__What you will do__
The goal here is an exact copy of the entries below, without their pictures.

----

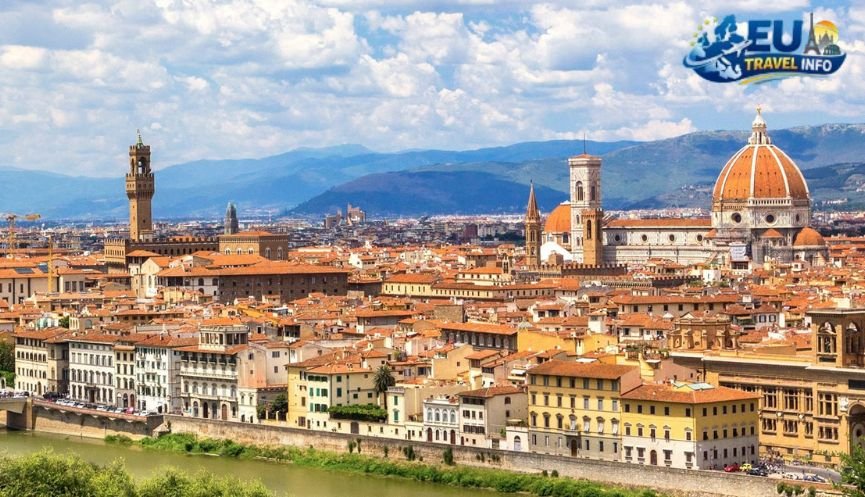 Arrival and the Magic of Florence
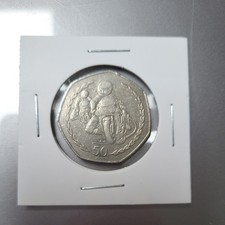 1997 isle man races 50p - 1997,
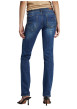 Thumbnail Jean en coton indigo à coupe droite pourvu de multiples poches - Image 3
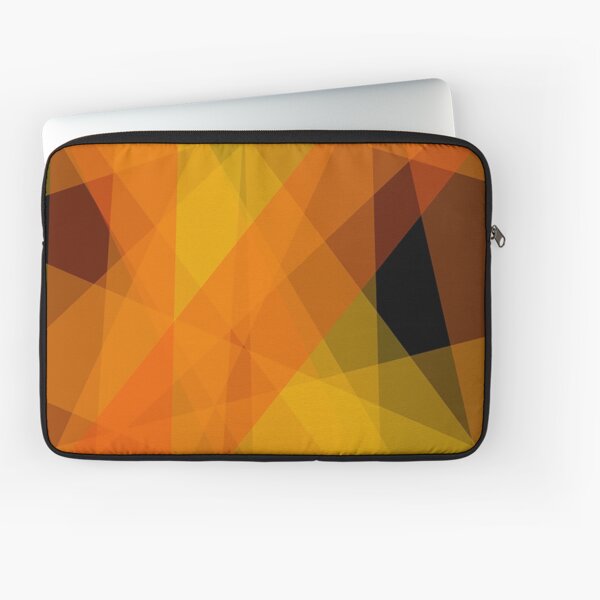 Programmatic Line Art Design Laptop Sleeve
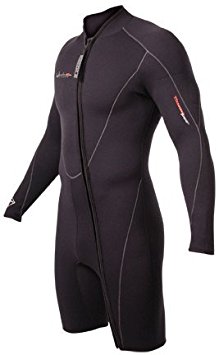 Henderson Man Thermoprene Long Sleeve 3mm Shorty / Jacket (Front Zip) Scuba Diving Wetsuit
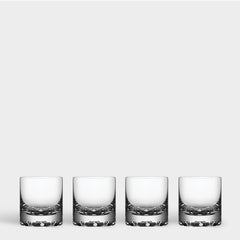 Orrefors Erik Old Fashioned Glasses Set of 4 – Luxury Wedding Gift Ideas Orrefors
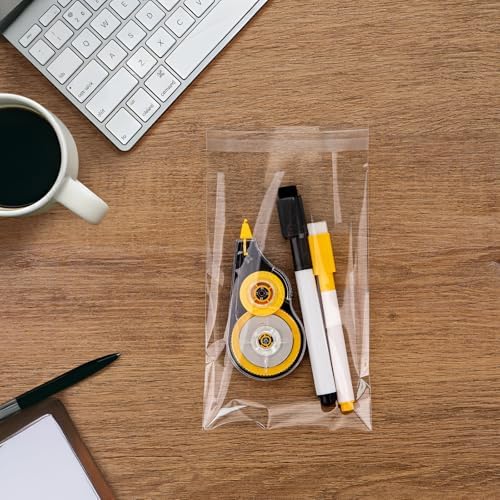 240Pcs 4x6 Inch Clear Self Sealing Cellophane Bags, 2 Mil Thick - Image 6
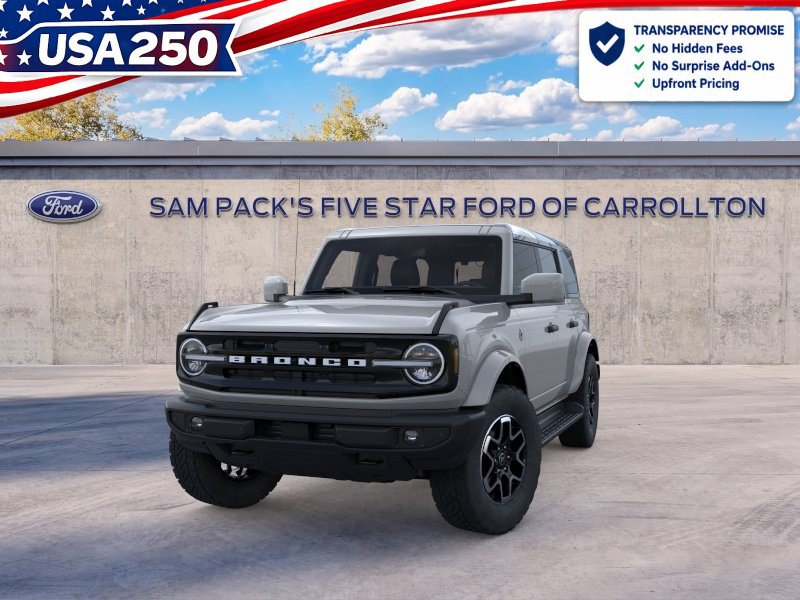New 2026 Ford Bronco Outer Banks AWD/4WD image 2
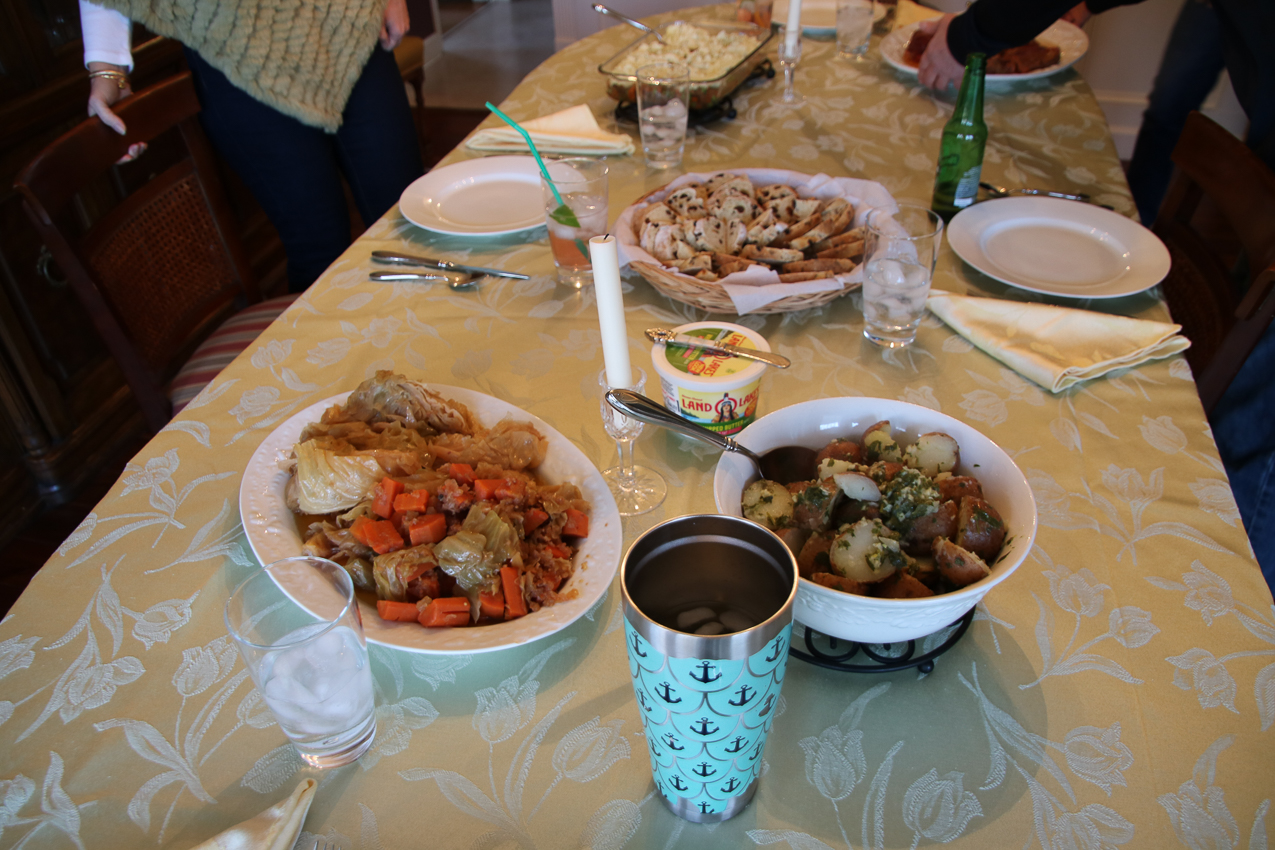   ~~  St Patrick's Day 2020 (Weekend 1 of COVID-19 Quarentine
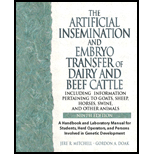 Artificial Insemination and Embryo Transfer of Dairy and Beef Cattle   Handbook / Lab Man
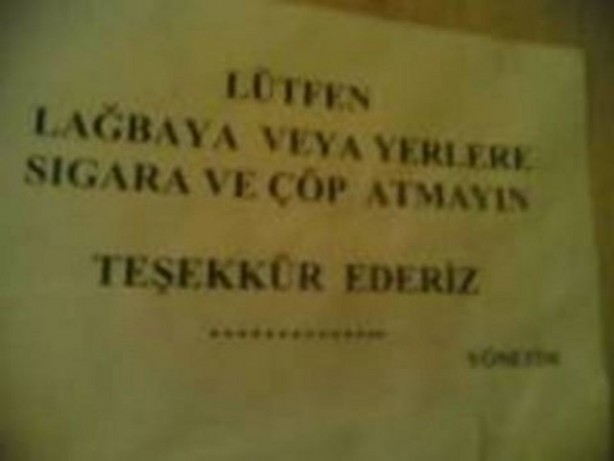 Foto - Yurdum insanından güldüren kareler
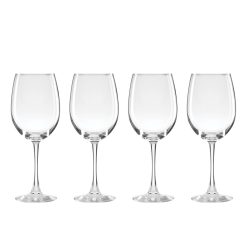 Lenox Fine Lenox Fine 5 O'Clock All-Purpose Wine Glasses, Set of 4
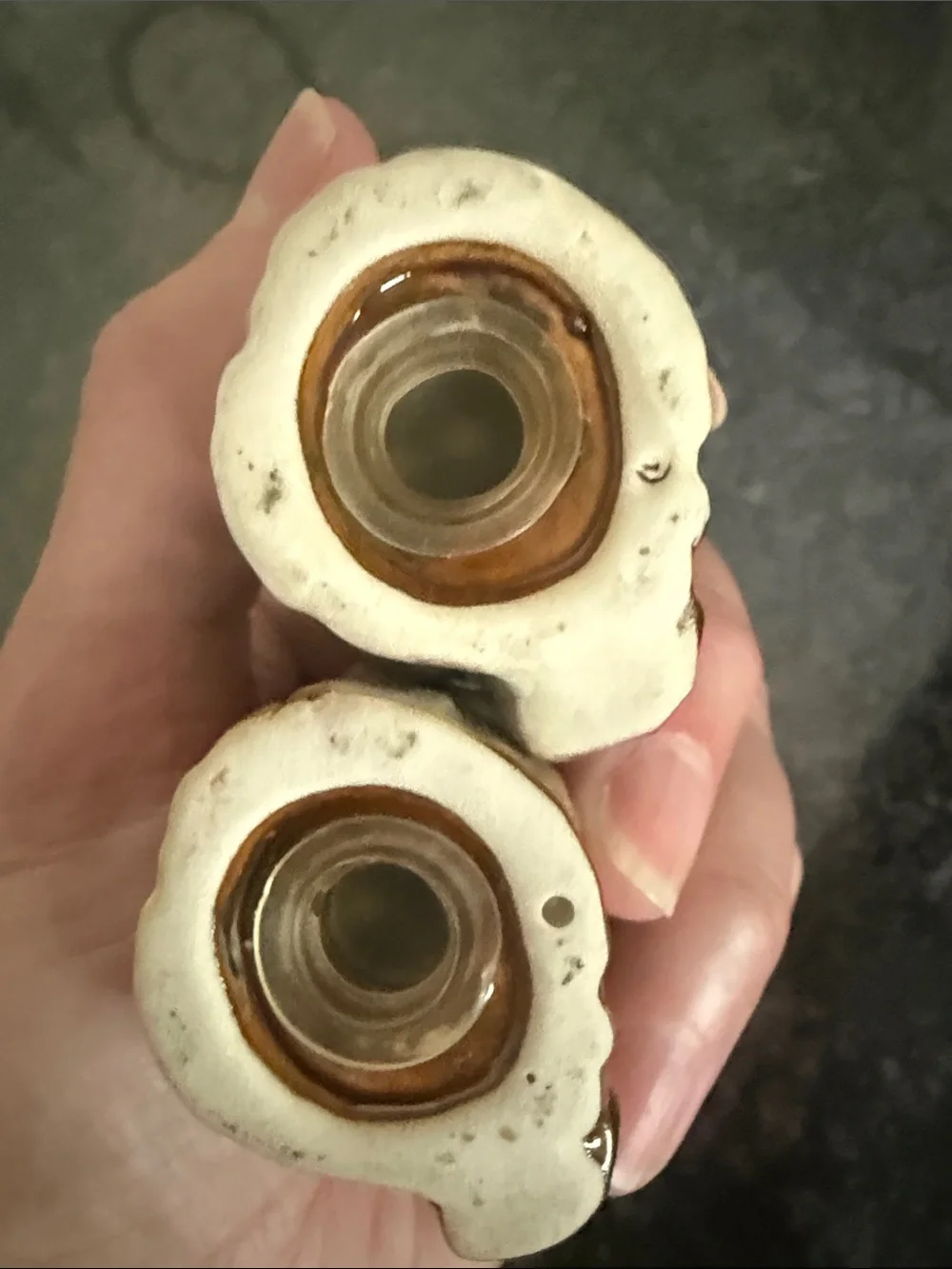 Vintage Ceramic Owl Salt & Pepper Shakers Brown Pair Japan Woodland Decor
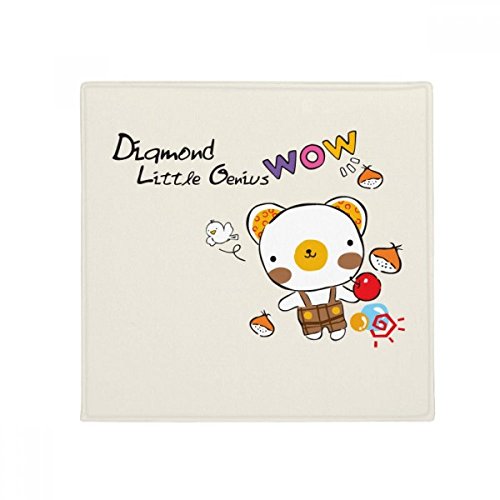 Tapis de cuisine ours dessin animé antidérapant idéal pour décorer votre entrée - 2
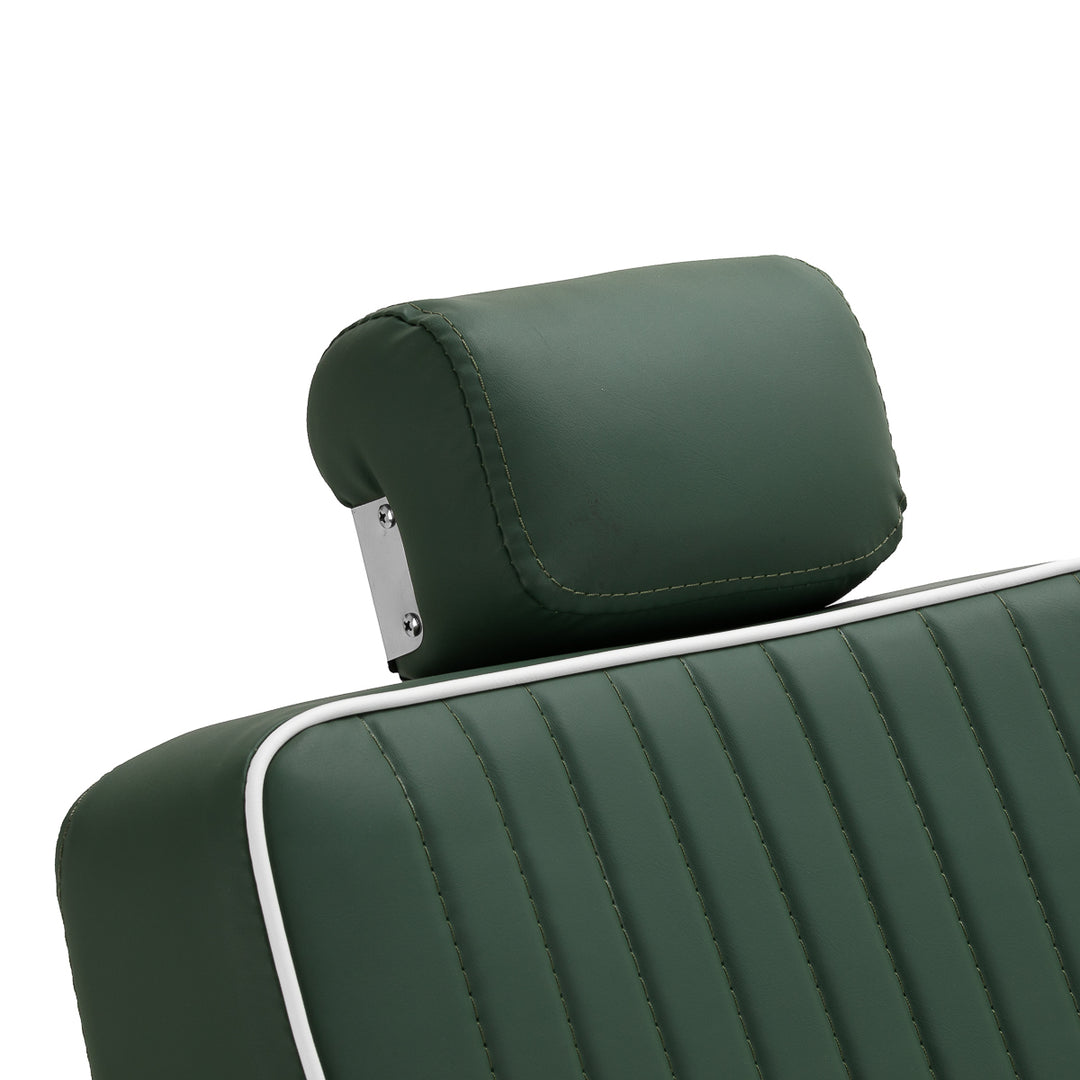 Sillón de Barberia Gabbiano Visionerio Verde - imagen 11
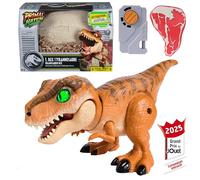 Primal Hatch Jurassic World Dino Eclosion Secrète - Oeuf De Dinosaure À Faire Éclore - Apprivoisez Et Interagissez avec Lui - 2 Accessoires Inclus - 100 Sons & Réactions - Jouet Enfant 5 Ans Et +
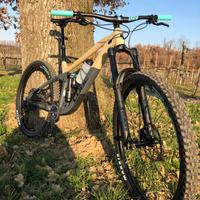 Bicicletta downhill enduro Cube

----

__Answer to this task__
 Arrival and the Magic of Florence
 1997 isle man races 50p - 1997,
 Thumbnail Jean en coton indigo à coupe droite pourvu de multiples poches - Image 3
 Programmatic Line Art Design Laptop Sleeve
 Henderson Man Thermoprene Long Sleeve 3mm Shorty / Jacket (Front Zip) Scuba Diving Wetsuit
 Orrefors Erik Old Fashioned Glasses Set of 4 – Luxury Wedding Gift Ideas Orrefors
 240Pcs 4x6 Inch Clear Self Sealing Cellophane Bags, 2 Mil Thick - Image 6
New 2026 Ford Bronco Outer Banks AWD/4WD image 2
   ~~  St Patrick's Day 2020 (Weekend 1 of COVID-19 Quarentine
 Artificial Insemination and Embryo Transfer of Dairy and Beef Cattle   Handbook / Lab Man
 Foto - Yurdum insanından güldüren kareler
 Lenox Fine Lenox Fine 5 O'Clock All-Purpose Wine Glasses, Set of 4
 Vintage Ceramic Owl Salt & Pepper Shakers Brown Pair Japan Woodland Decor
 Tapis de cuisine ours dessin animé antidérapant idéal pour décorer votre entrée - 2
 Sillón de Barberia Gabbiano Visionerio Verde - imagen 11
 Primal Hatch Jurassic World Dino Eclosion Secrète - Oeuf De Dinosaure À Faire Éclore - Apprivoisez Et Interagissez avec Lui - 2 Accessoires Inclus - 100 Sons & Réactions - Jouet Enfant 5 Ans Et +
 Bicicletta downhill enduro Cube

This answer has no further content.